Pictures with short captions
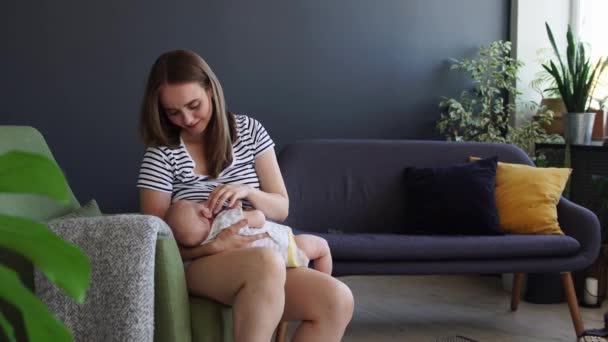 Годування грудьми. мати годує дитину в темряві в ліжку — стокове відео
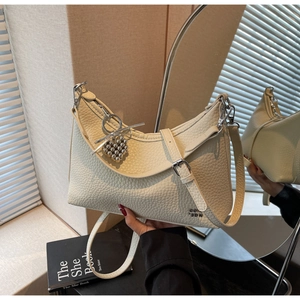 Close-up of beige lychee grain leather handbag with silver heart pendant detail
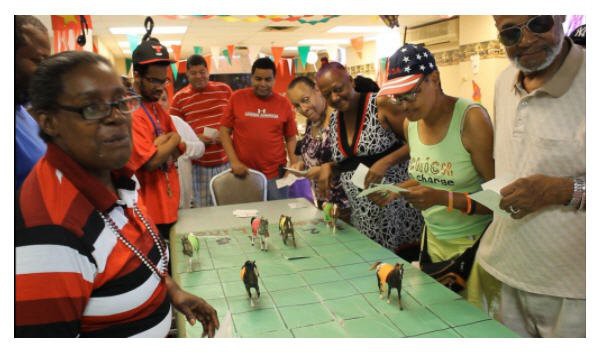 A group of people gathered around a table playing a miniature horse racing game indoors.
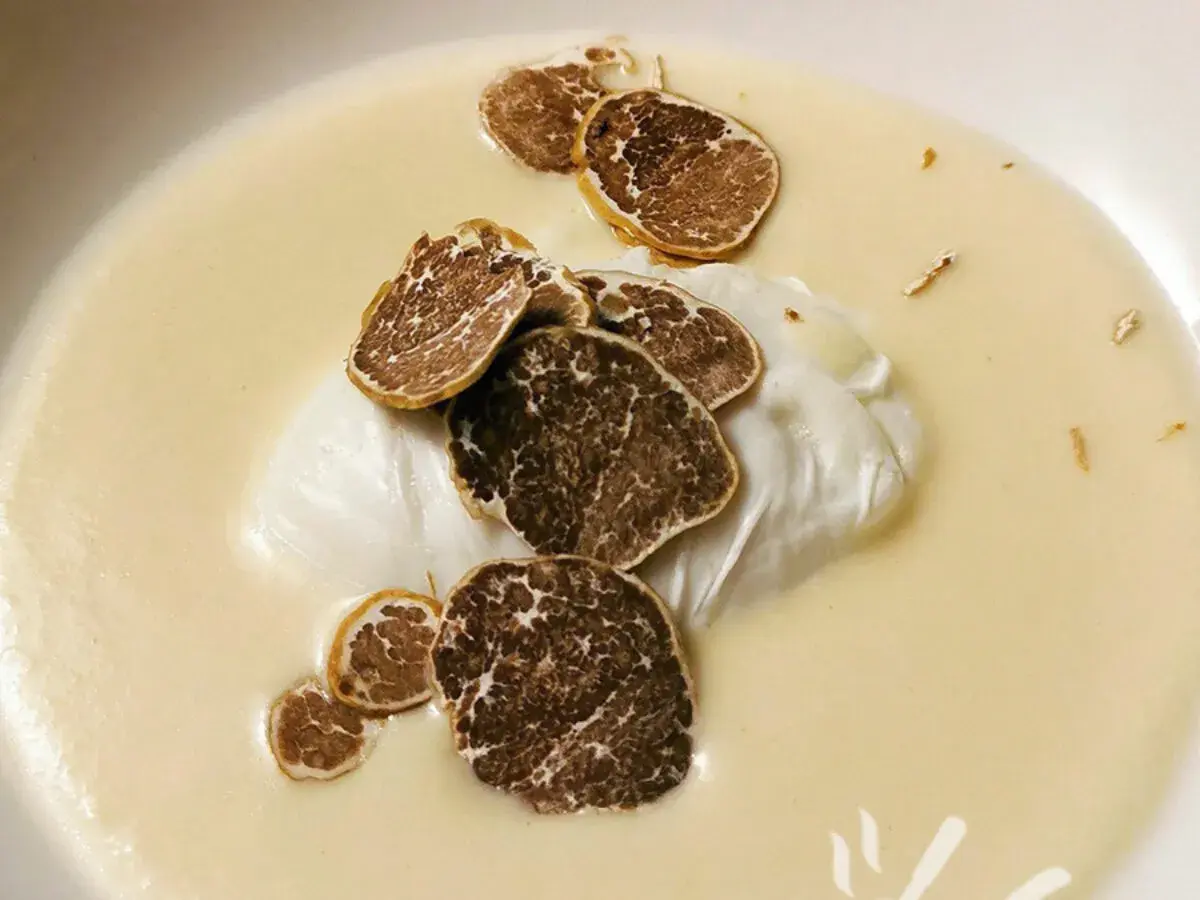 Uovo pochè su una cremosa fonduta, guarnito con scaglie di tartufo nero. Un piatto raffinato e profumato.
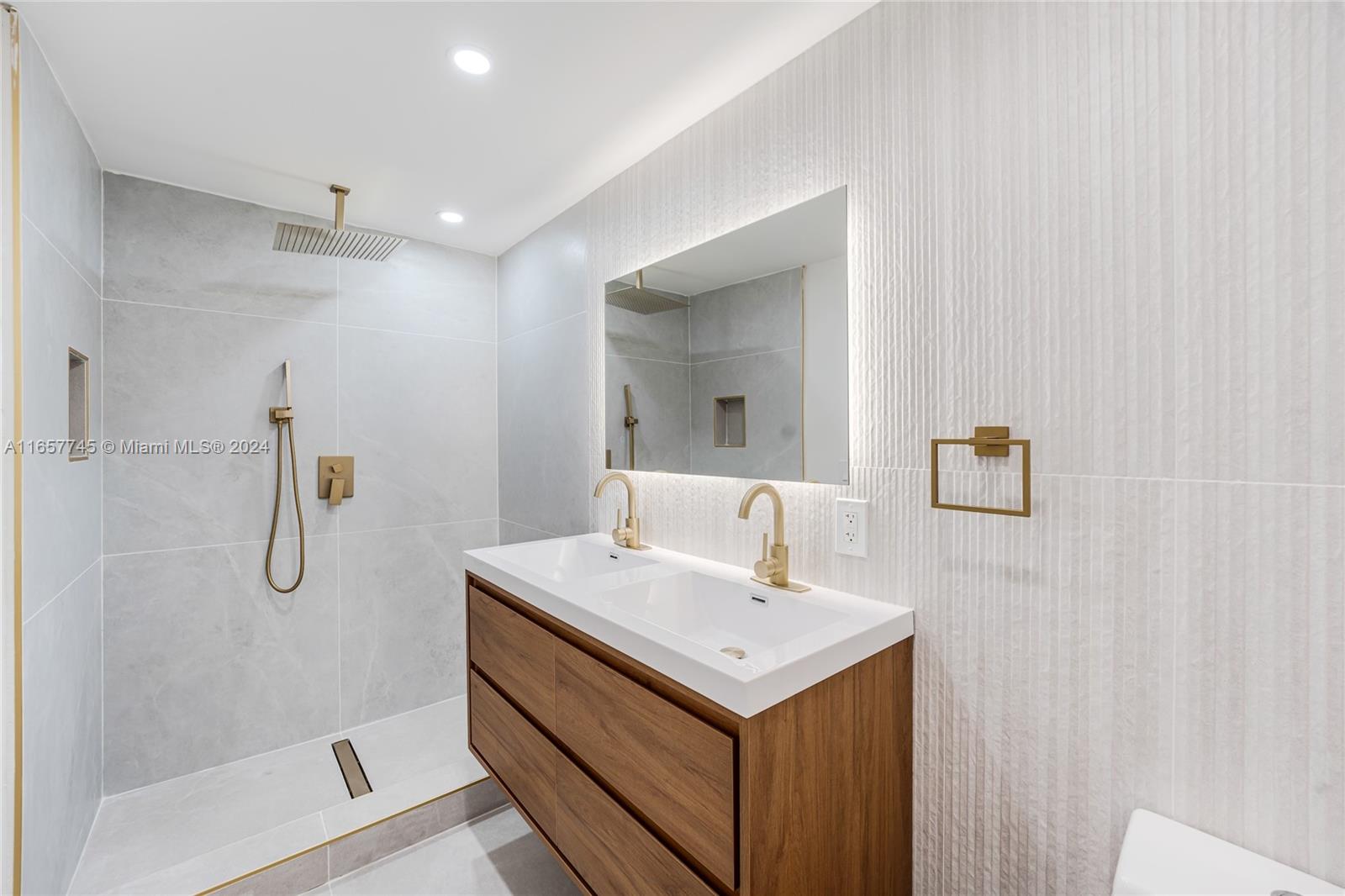 4802 Northwest 11th Avenue Miami, FL 33127 - Photo 12 of 26 a bathroom with a sink a mirror and a shower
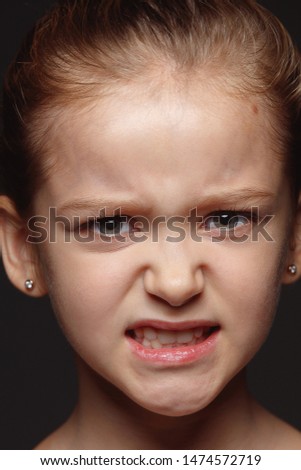 Close up portrait of little and emotional caucasian girl. Highly detail photoshot of female model with well-kept skin and bright facial expression. Concept of human emotions. Angry, agressive.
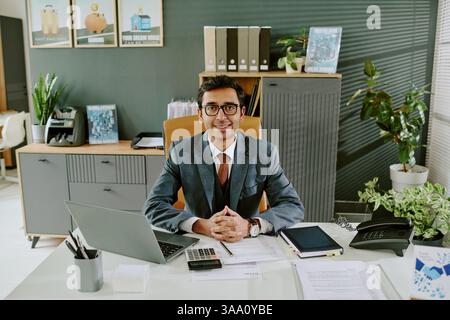 Porträt eines Geschäftsmannes, der eine Brille trägt, lächelt und in einer modernen Büroumgebung am Schreibtisch sitzt, mit verschiedenen Büromaterialien, Gadgets und Pflanzen, die ihn umgeben Stockfoto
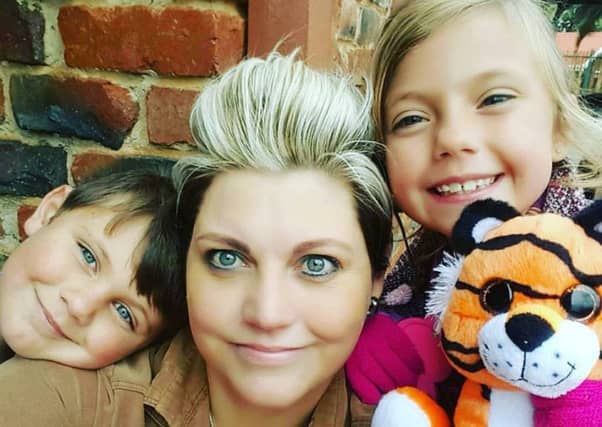 Riekie - who desperately needs a bone marrow transplant - with her two young children. Picture: Contributed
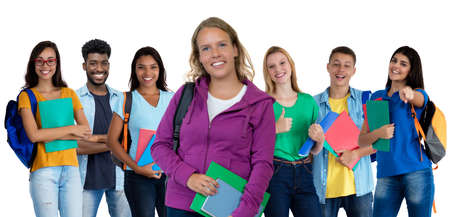 German young adult woman with large group of international students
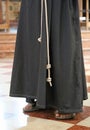 Monk with sandals in the church Royalty Free Stock Photo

## Work to complete
Set the pictures aside and restate word for word only the lines from the line containing "4802 Northwest 11th" through the end of the entries above, both included.

## Answer area
 4802 Northwest 11th Avenue Miami, FL 33127 - Photo 12 of 26 a bathroom with a sink a mirror and a shower
 Close up portrait of little and emotional caucasian girl. Highly detail photoshot of female model with well-kept skin and bright facial expression. Concept of human emotions. Angry, agressive.
 Porträt eines Geschäftsmannes, der eine Brille trägt, lächelt und in einer modernen Büroumgebung am Schreibtisch sitzt, mit verschiedenen Büromaterialien, Gadgets und Pflanzen, die ihn umgeben Stockfoto
 Riekie - who desperately needs a bone marrow transplant - with her two young children. Picture: Contributed
 German young adult woman with large group of international students
 Monk with sandals in the church Royalty Free Stock Photo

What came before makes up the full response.